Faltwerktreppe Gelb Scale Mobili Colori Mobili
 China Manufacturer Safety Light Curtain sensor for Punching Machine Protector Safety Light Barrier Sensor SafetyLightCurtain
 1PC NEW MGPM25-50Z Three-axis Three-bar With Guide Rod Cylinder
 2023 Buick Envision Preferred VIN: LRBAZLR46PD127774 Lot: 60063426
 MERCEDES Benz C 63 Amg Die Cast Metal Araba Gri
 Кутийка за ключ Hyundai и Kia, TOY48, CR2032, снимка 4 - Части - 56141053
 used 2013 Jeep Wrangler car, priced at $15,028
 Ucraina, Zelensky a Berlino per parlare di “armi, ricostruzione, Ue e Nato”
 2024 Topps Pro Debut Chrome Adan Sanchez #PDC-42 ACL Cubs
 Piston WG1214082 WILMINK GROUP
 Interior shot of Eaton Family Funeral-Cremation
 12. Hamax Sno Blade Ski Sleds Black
* * * * *
> **EXERCISE GOAL**
Line by line, output the listing above without alteration.

> **RESPONSE**
Faltwerktreppe Gelb Scale Mobili Colori Mobili
 China Manufacturer Safety Light Curtain sensor for Punching Machine Protector Safety Light Barrier Sensor SafetyLightCurtain
 1PC NEW MGPM25-50Z Three-axis Three-bar With Guide Rod Cylinder
 2023 Buick Envision Preferred VIN: LRBAZLR46PD127774 Lot: 60063426
 MERCEDES Benz C 63 Amg Die Cast Metal Araba Gri
 Кутийка за ключ Hyundai и Kia, TOY48, CR2032, снимка 4 - Части - 56141053
 used 2013 Jeep Wrangler car, priced at $15,028
 Ucraina, Zelensky a Berlino per parlare di “armi, ricostruzione, Ue e Nato”
 2024 Topps Pro Debut Chrome Adan Sanchez #PDC-42 ACL Cubs
 Piston WG1214082 WILMINK GROUP
 Interior shot of Eaton Family Funeral-Cremation
 12. Hamax Sno Blade Ski Sleds Black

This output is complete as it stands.